— WORK REQUEST —
Apart from the images, every record below must be given again without alteration.

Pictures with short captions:
Content starts
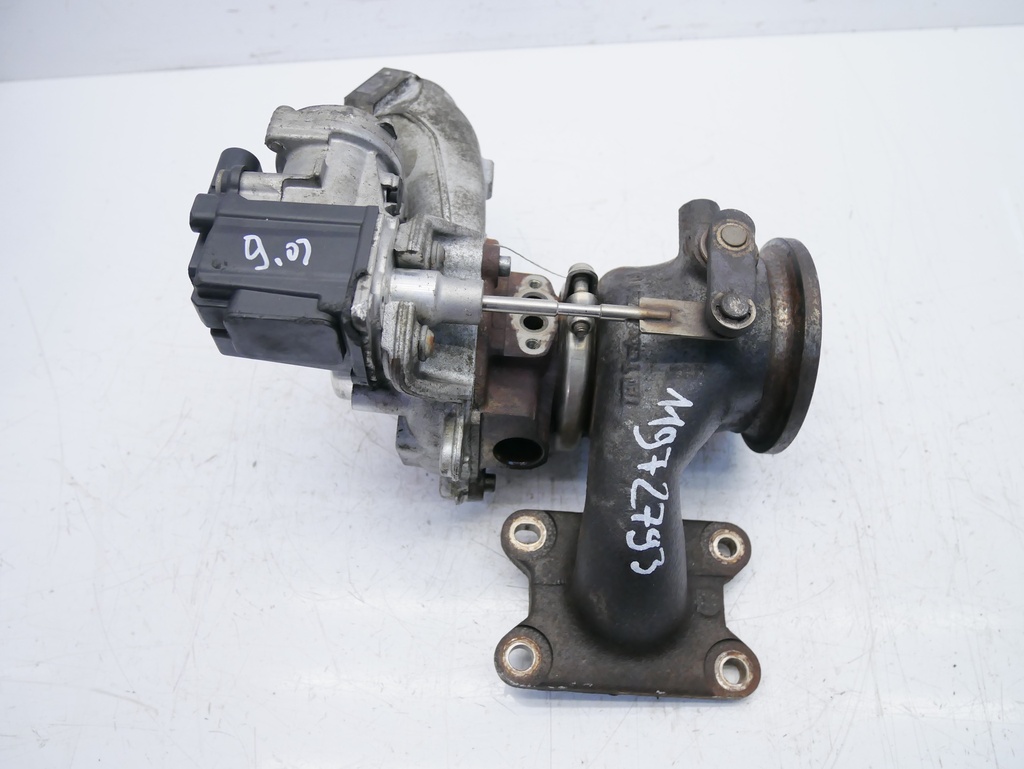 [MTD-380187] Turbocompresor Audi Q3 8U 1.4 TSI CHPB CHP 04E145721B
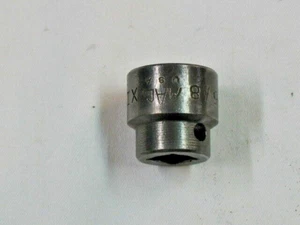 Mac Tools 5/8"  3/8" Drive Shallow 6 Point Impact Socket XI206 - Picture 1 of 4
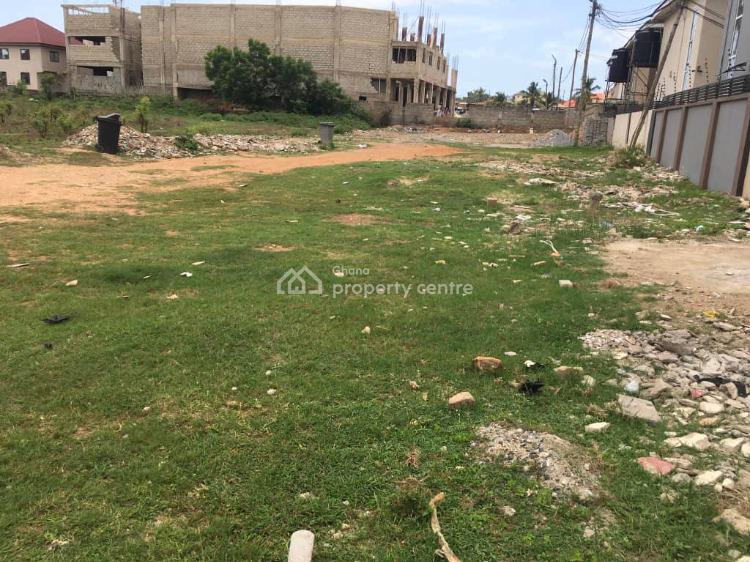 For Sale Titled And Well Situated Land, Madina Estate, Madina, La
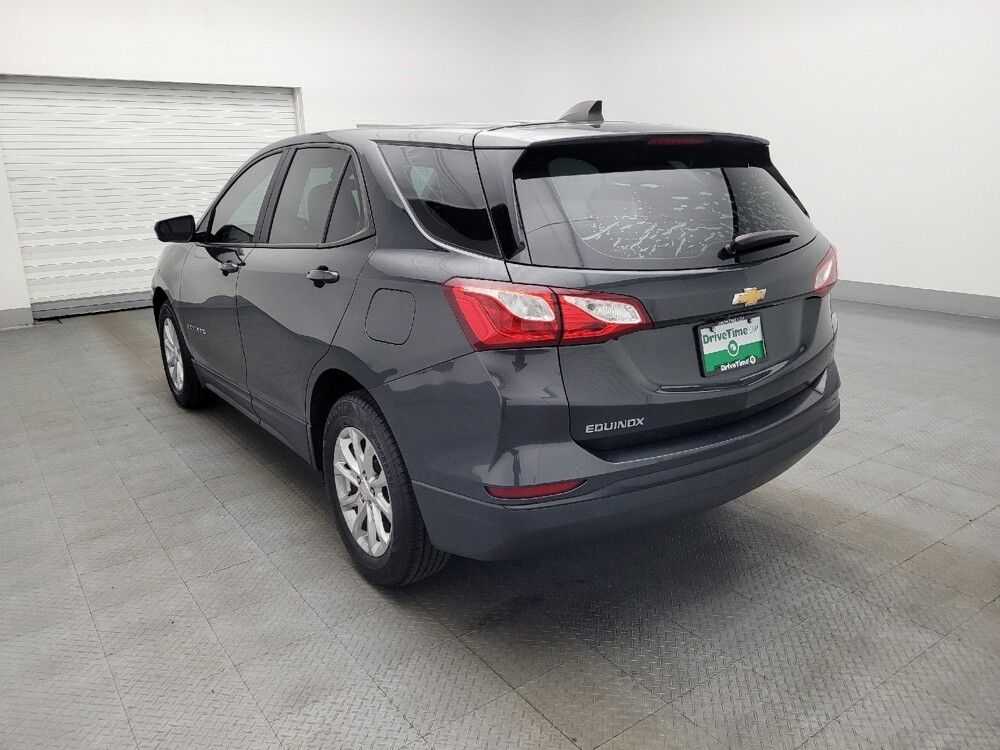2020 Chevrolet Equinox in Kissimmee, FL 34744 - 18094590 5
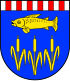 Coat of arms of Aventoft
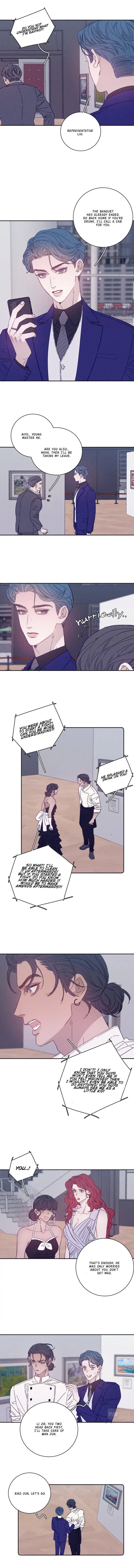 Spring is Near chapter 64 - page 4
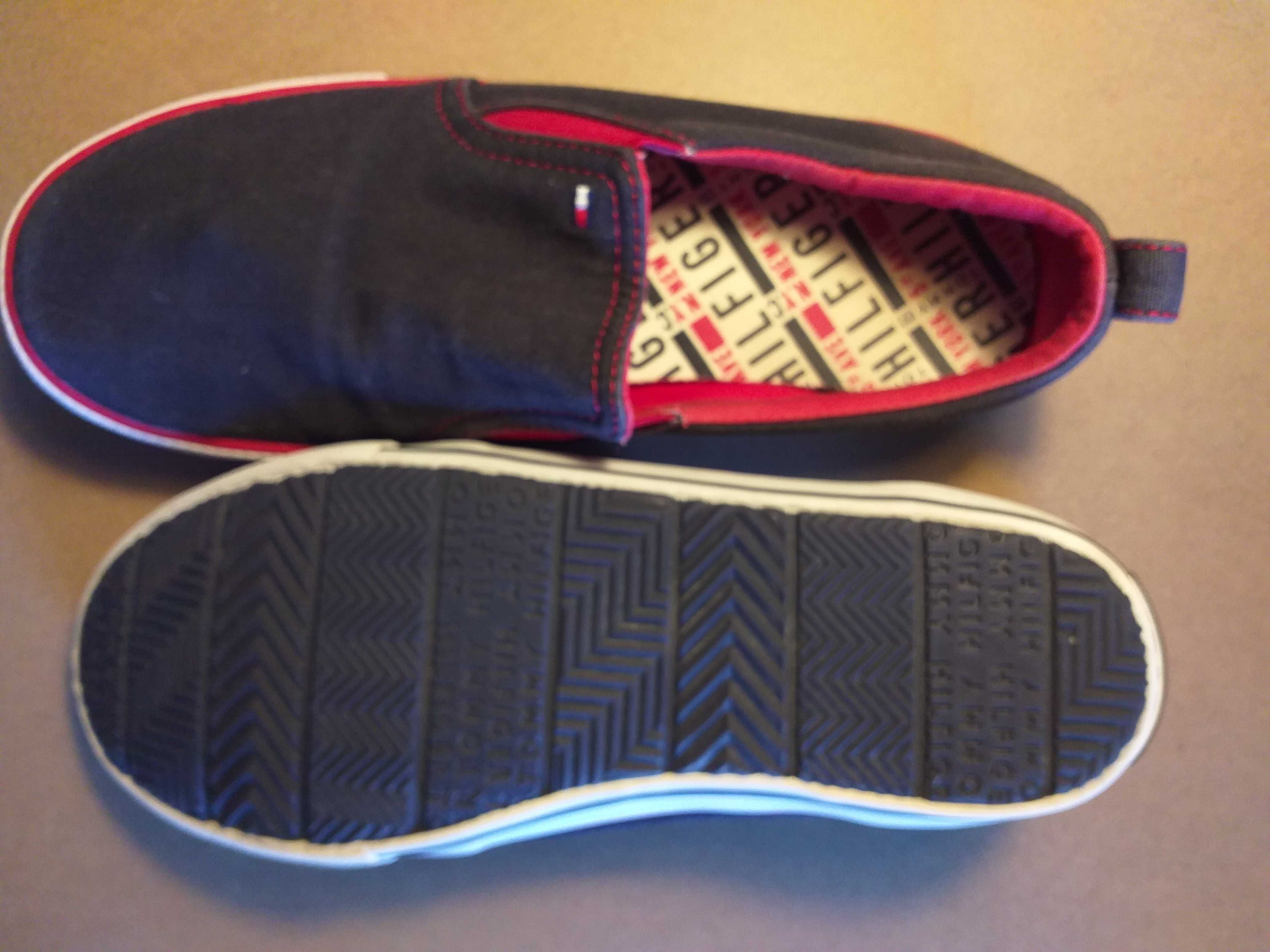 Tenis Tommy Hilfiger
Content ends
— RESPONSE AREA —
 [MTD-380187] Turbocompresor Audi Q3 8U 1.4 TSI CHPB CHP 04E145721B
 Mac Tools 5/8"  3/8" Drive Shallow 6 Point Impact Socket XI206 - Picture 1 of 4
 For Sale Titled And Well Situated Land, Madina Estate, Madina, La
2020 Chevrolet Equinox in Kissimmee, FL 34744 - 18094590 5
 Coat of arms of Aventoft
 Spring is Near chapter 64 - page 4
 Tenis Tommy Hilfiger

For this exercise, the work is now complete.